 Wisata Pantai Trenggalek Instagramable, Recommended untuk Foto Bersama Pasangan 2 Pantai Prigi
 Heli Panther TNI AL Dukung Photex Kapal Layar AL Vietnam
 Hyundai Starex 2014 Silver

━━━━━━━━━━━━━━━━━━━━

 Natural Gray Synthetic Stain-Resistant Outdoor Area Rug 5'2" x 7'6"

━━━━━━━━━━━━━━━━━━━━

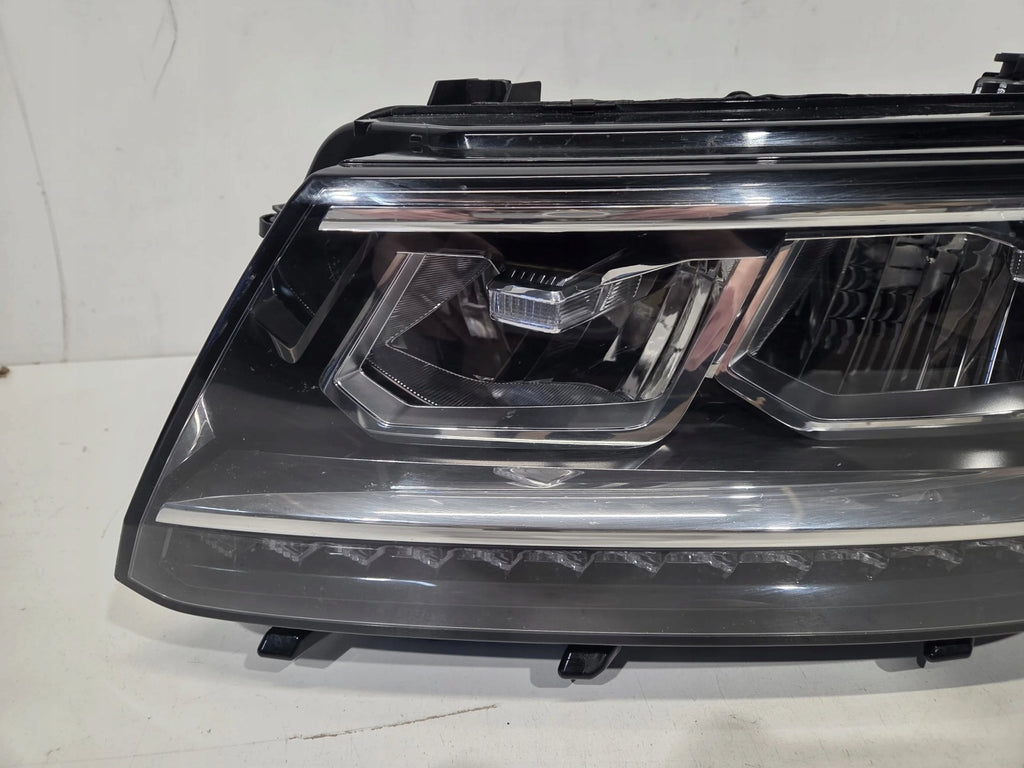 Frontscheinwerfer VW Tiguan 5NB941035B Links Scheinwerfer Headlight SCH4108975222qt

━━━━━━━━━━━━━━━━━━━━

Work task: Above are the records. Print exactly, and only, the lines from the line with "Wisata Pantai Trenggalek" to the line with "Hyundai Starex 2014 Silver", both inclusive.

Answer to this exercise:
 Wisata Pantai Trenggalek Instagramable, Recommended untuk Foto Bersama Pasangan 2 Pantai Prigi
 Heli Panther TNI AL Dukung Photex Kapal Layar AL Vietnam
 Hyundai Starex 2014 Silver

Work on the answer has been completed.